Un secteur qui gagne en maturité
« Nous voyons l’espace des cryptomonnaies continuer à mûrir, tandis que la distinction va se renforcer entre les technologies de cryptomonnaies et de chaîne de blocs, assure Kareem Sadek. Nous voyons également les NFT gagner en traction, avec un intérêt pour de nouveaux types d’actifs, allant de l’immobilier professionnel à des actifs plus fragiles qui peuvent être tokenisés ou fractionnés. »
Comme pour toute innovation, il convient d’aborder la crypto selon divers points de vue : son utilisation commerciale, la valeur qu’elle ajoute, la manière dont elle peut être utilisée, la manière dont elle perturbe ou améliore les anciennes méthodes de travail, sa rentabilité, son retour sur investissement…

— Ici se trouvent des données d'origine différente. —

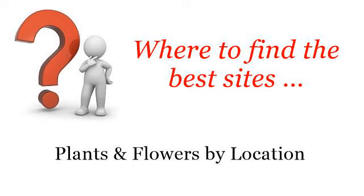Where to find the best sites — plants and flowers by location. Here you will find where to solve your questions about how to Deadhead a Campanula. These are the best resources we could find on the web.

« Il existe d’autres considérations pour les technologies liées aux cryptomonnaies, notamment la confiance du public, la cybersécurité et les réglementations », ponctue le spécialiste de KPMG Canada, qui s’attend à beaucoup plus d’innovation dans le secteur crypto de la finance décentralisée (DeFi), avec des produits et services plus complexes.